The use of a securitisation structure, or catastrophe bond, is an efficient way of transforming insurance risk into an asset that can be backed and invested in by capital market investors, hence Operational Re Ltd. was born.
The other reason, is related to regulatory capital and Basel III. Operational risks are part of Basel III capital calculations, so by offloading some of it by securing this insurance policy in a transaction modelled according to Basel III guidelines Credit Suisse will effectively strengthen its regulatory capital position.

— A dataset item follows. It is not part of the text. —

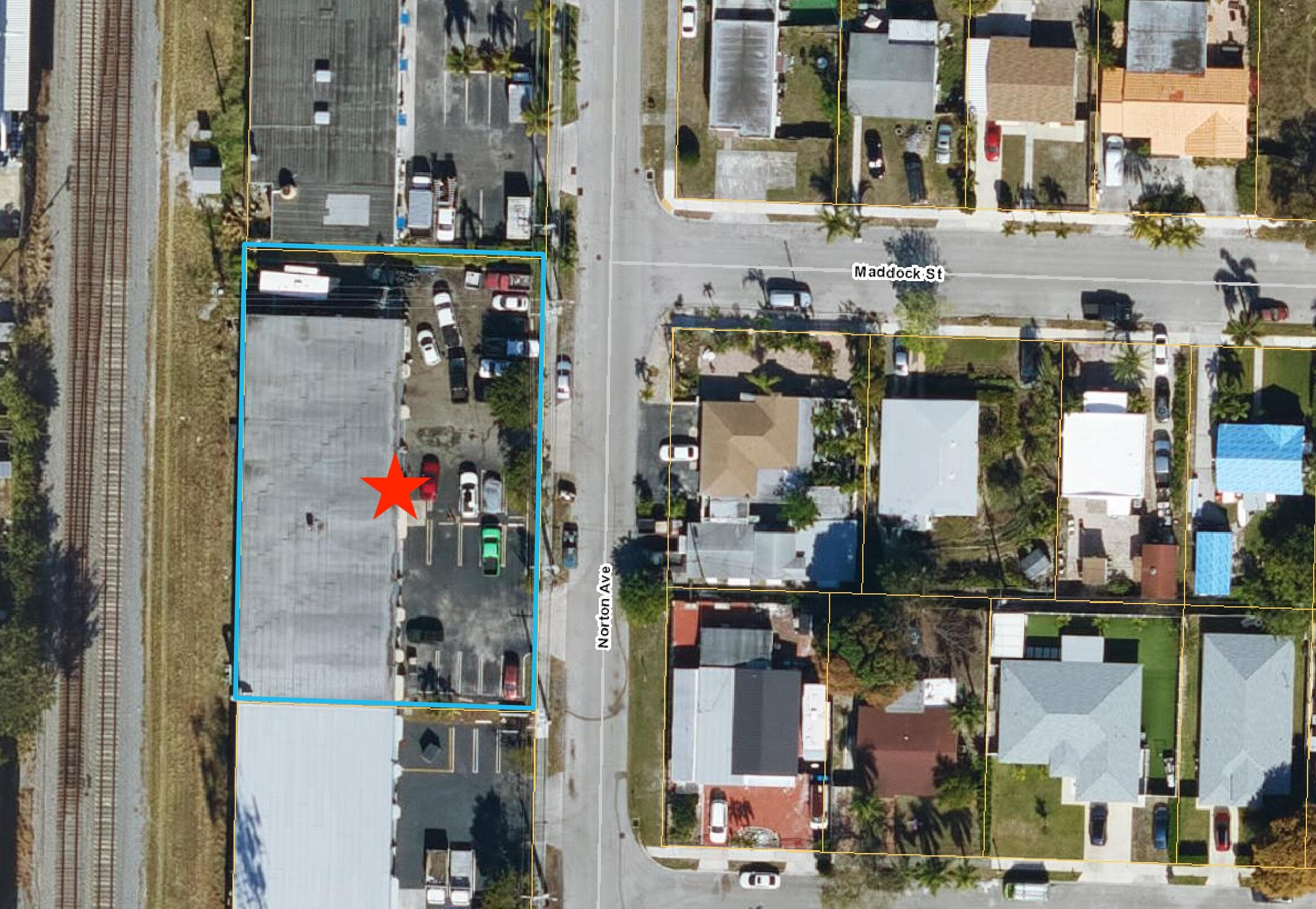 7001 Norton Avenue, West Palm Beach, FL 33405 — photo 4 of 4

According to a report from Bloomberg, the sale of the Operational Re Ltd. notes was slated for completion on the 6th May, in just two days. Bloomberg also reported that the junior, riskier tranche of notes have been fully subscribed, which would suggest that the senior tranche will likely become fully subscribed as well.
Operational Re remains a fascinating and innovative use of the catastrophe bond and ILS structure for the transfer of risks and procurement of insurance or reinsurance cover. It signifies another milestone in the ILS market, as the asset class broadens further to cover additional classes of insurance business and types of risk.
However it remains the case that this ILS deal will not be for everyone, as some ILS fund managers will find operational risk too correlated with financial markets, and with low correlation a key selling point for the ILS asset class adding this deal to their portfolios may not be compelling.
But there are some ILS fund managers that look set to invest if the deal successfully completes, along with other institutional investors from regulatory capital hedge funds (which largely target the junior tranche) and family offices, to insurers and fixed income investors, we’re told.
Perhaps most important though, is the fact that a successful issuance of Operational Re will signal clearly that the catastrophe bond and ILS structure is a suitable vehicle for the transfer of a much broader range of risks than we see in the market today.
That bodes well for future ILS market expansion, as there are risks that are currently uninsured or uninsurable that an ILS structure could perhaps cover, providing the reinsurance capacity necessary to enable the insurance policies to be written.
The Operational Re Ltd. SPI is now registered with the Bermuda Monetary Authority at ILS and insurance management specialists Horseshoe’s address. We’ll update you as and when any news of the completion of the deal emerges.